# Work item
Below are the records; give again exactly the lines from the one containing "Άνδρας φοράει διπλόπετο" through the one containing "Vaulted ceiling hung, screwed", leaving out pictures.

*-*-*

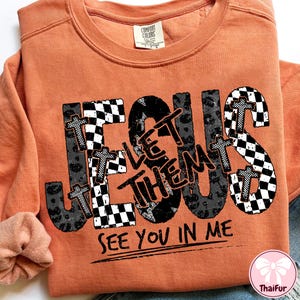 May include: Orange crewneck sweatshirt with the word "JESUS" in a mix of checkered, leopard print, and cross designs. The text "LET THEM SEE YOU IN ME" is printed below the word JESUS.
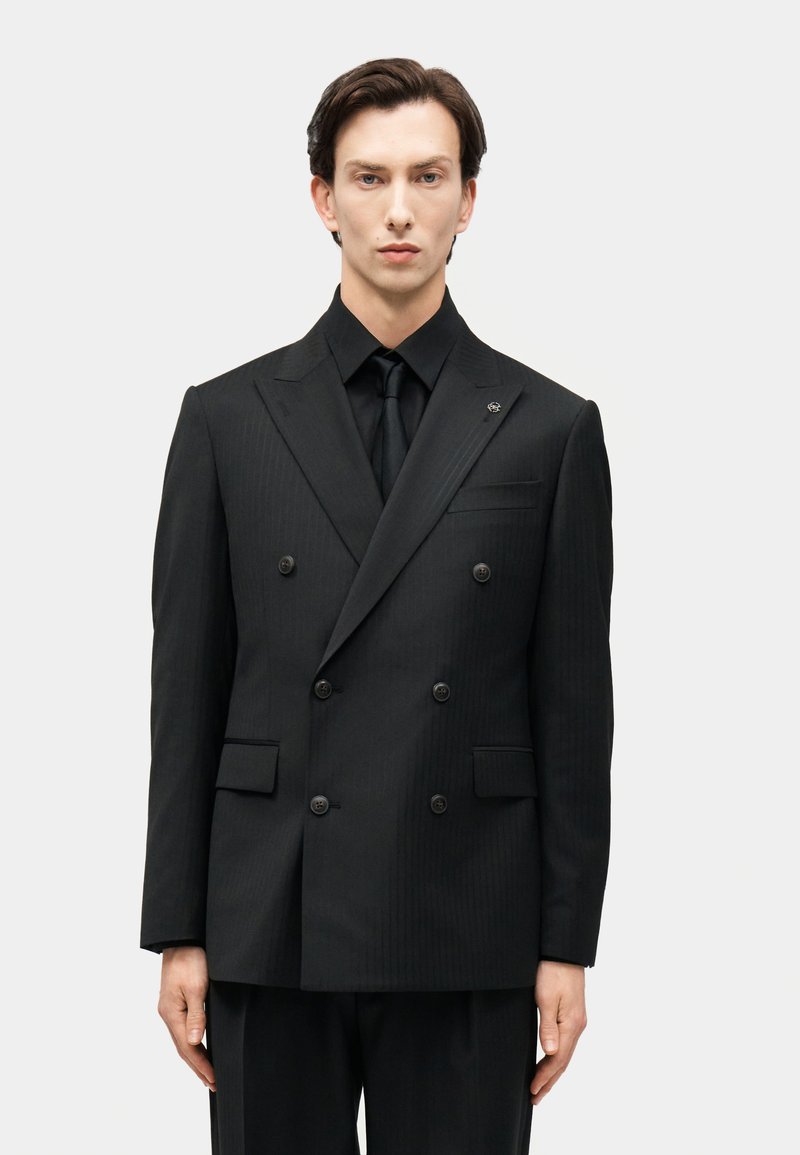 Άνδρας φοράει διπλόπετο μαύρο σακάκι με αντίστοιχο μαύρο πουκάμισο και γραβάτα, στέκεται μπροστά σε απλό φωτεινό φόντο.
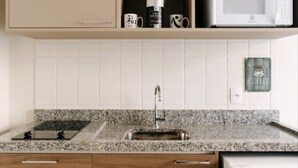 A kitchen with a granite countertop, a stainless steel sink, wooden cabinets, and a built-in microwave. - Jacques Pilon Residence (São Paulo)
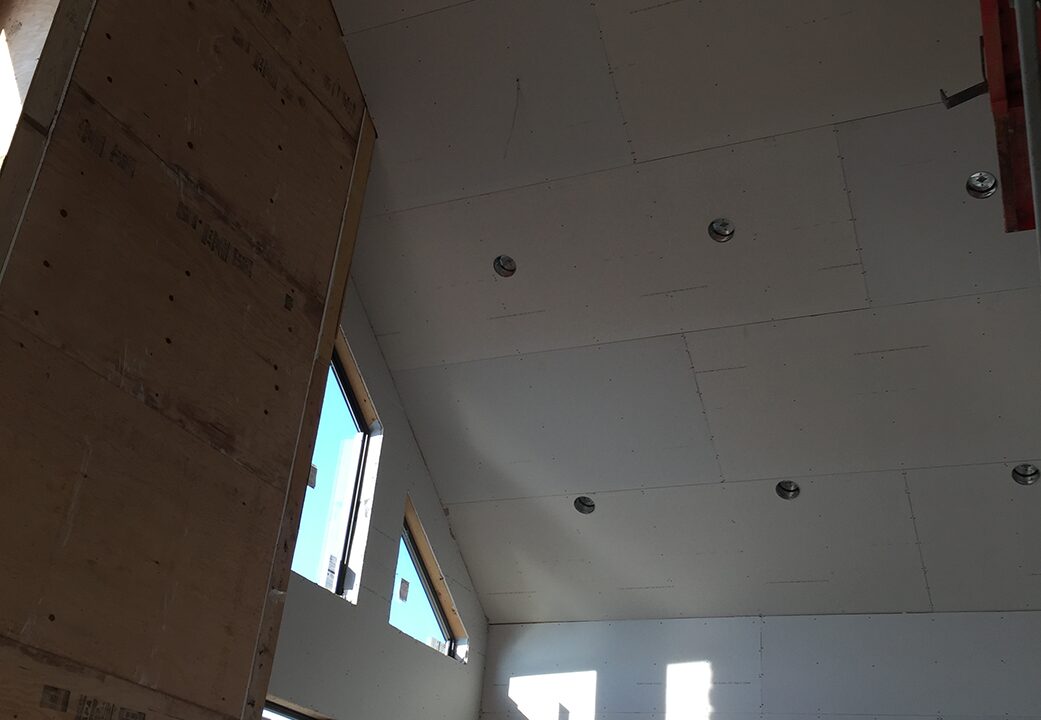 Vaulted ceiling hung, screwed off, ready for tape, work in progress by Wade's Drywall, Sioux Falls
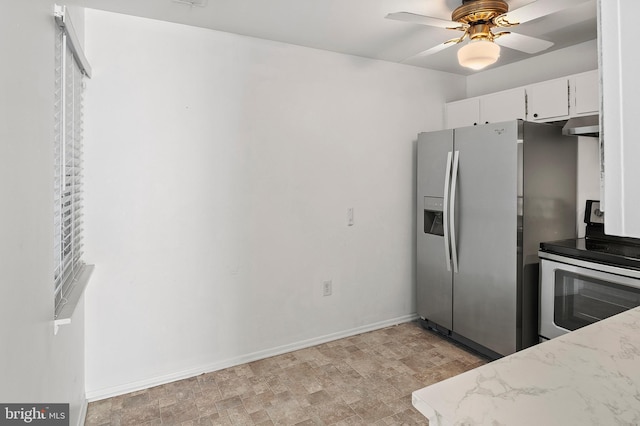 kitchen with ceiling fan, baseboards, under cabinet range hood, stainless steel appliances, and white cabinetry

*-*-*

# Answer space
 Άνδρας φοράει διπλόπετο μαύρο σακάκι με αντίστοιχο μαύρο πουκάμισο και γραβάτα, στέκεται μπροστά σε απλό φωτεινό φόντο.
 A kitchen with a granite countertop, a stainless steel sink, wooden cabinets, and a built-in microwave. - Jacques Pilon Residence (São Paulo)
 Vaulted ceiling hung, screwed off, ready for tape, work in progress by Wade's Drywall, Sioux Falls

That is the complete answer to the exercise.